As sucessivas tentativas de Grünbaum de matar Hitler fracassam, então ele desiste de dar aulas de representação ao perturbado ditador e por fim transforma-se num tipo de psiquiatra, descobrindo que o ditador não é capaz de superar o fato de jamais ter conseguido agradar seu rigoroso pai.
Deitado no sofá de seu imponente gabinete, Hitler recorda-se de um triste incidente da infância. "Certa vez meu pai me deu um estilingue. Ele olhou para cima e me disse ‘Mate aquele pombo!’. Atirei e o pombo caiu morto. ‘Isso não passou de sorte de principiante’, ele disse, e saiu andando". E as lágrimas escorrem por seu rosto.
Outra cena mostra Hitler com um ar desconcertado em cima de Eva Braun que diz "Não consigo senti-lo Mein Führer".
Ao final do filme, o barbeiro de Hitler sem querer raspa metade do seu pequeno bigode, provocando uma fúria violenta no ditador, o que o faz perder a voz minutos antes de proferir um discurso. Grünbaum teve de assumir…
Mensagem séria
Por trás de todas essas tiradas, é claro que Levy quer transmitir uma mensagem séria. Ele diz que se inspirou numa teoria de que Hitler estava fazendo o mundo sofrer devido à sua infância infeliz. "A ‘viagem analítica’ em que Hitler embarca com seu ‘terapeuta’ Grünbaum é baseada em material verdadeiro", conta Levy. "Por muito tempo fiquei me perguntando por que ninguém fez um filme sobre esse elo, fosse em drama ou comédia".

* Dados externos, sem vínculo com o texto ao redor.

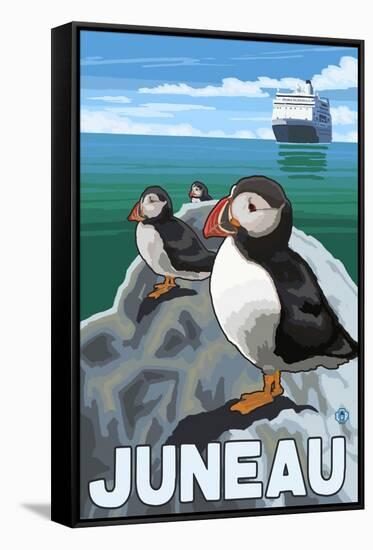 Puffins & Cruise Ship, Juneau, Alaska-Lantern Press-Framed Stretched Canvas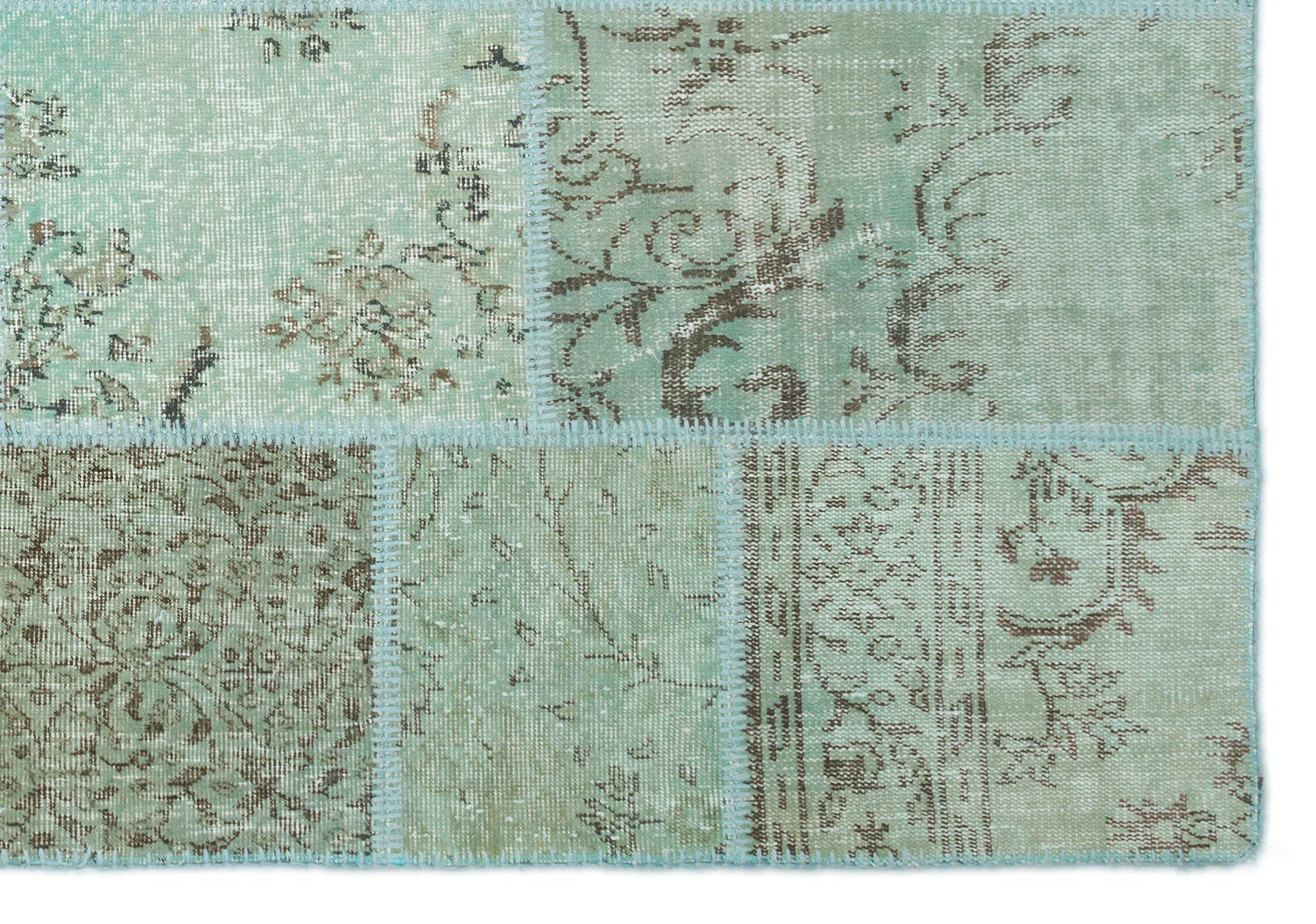 Iskece 20889 Green Vintage Wool Handmade Area Rug 5'3" x 7'7"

Levy critica a “Lista de Schindler” de Steven Spielberg por querer mostrar um retrato realista do Holocausto. Ele prefere o enfoque do diretor italiano Roberto Benigni no filme tragicômico de 1997 "A Vida é Bela", sobre a luta de um judeu para ajudar o filho a sobreviver num campo de concentração. "Benigni nunca teve pretensão de mostrar um retrato do período e o horror era realista. Benigni se aventurou num outro nível. Ele usa um conto de fadas poético que se passa num campo de concentração para narrar como as fantasias de uma criança são indestrutíveis".
Segundo Levy, a fantasia e a fábula conseguem explicar melhor a época. "A comédia é mais subversiva do que a tragédia. Ela diz coisas que não seriam possíveis num retrato autêntico e sério".
O interesse na era nazista vem aumentando na Alemanha nos últimos anos, com uma série de filmes, documentários e livros abordando o tema. Alguns são polêmicos, ressaltando a má condição dos alemães durante os bombardeamentos aéreos dos aliados ou em expulsões em massa de locais onde hoje é a Polônia e a República Tcheca, após a 2ª Guerra Mundial.
Embora exista uma série de histórias em quadrinhos muito conhecida sobre Hitler, de autoria do cartunista Walter Moers, um filme de comédia sobre Hitler é algo novo e está despertando enorme interesse.
As filmagens em Berlim já causaram alvoroço. Em março, Levy enfeitou a praça central Lustgarten, em Berlim, com faixas gigantes exibindo a suástica e contratou centenas de figurantes para tremular a suástica e fazer a saudação "Heil Hitler" nos preparativos para a cena final. Os turistas de passagem e os berlinenses ficaram horrorizados.